DATA FOR THE TASK:
%%

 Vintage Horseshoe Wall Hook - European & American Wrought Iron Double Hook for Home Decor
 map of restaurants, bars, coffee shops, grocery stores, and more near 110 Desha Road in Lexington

%%
%%

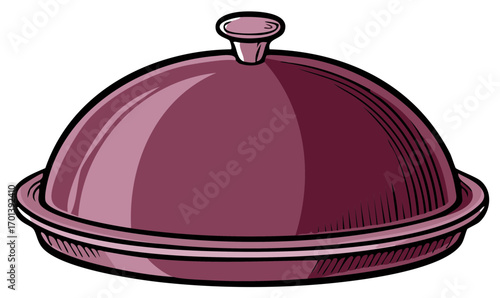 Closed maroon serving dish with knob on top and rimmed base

%%

ABOUT THIS EXERCISE: Nothing should appear in the answer except the lines above from the line with "Vintage Horseshoe Wall" through the line with "map of restaurants, bars, coffee", both included, written out exactly.

RESULT:
 Vintage Horseshoe Wall Hook - European & American Wrought Iron Double Hook for Home Decor
 map of restaurants, bars, coffee shops, grocery stores, and more near 110 Desha Road in Lexington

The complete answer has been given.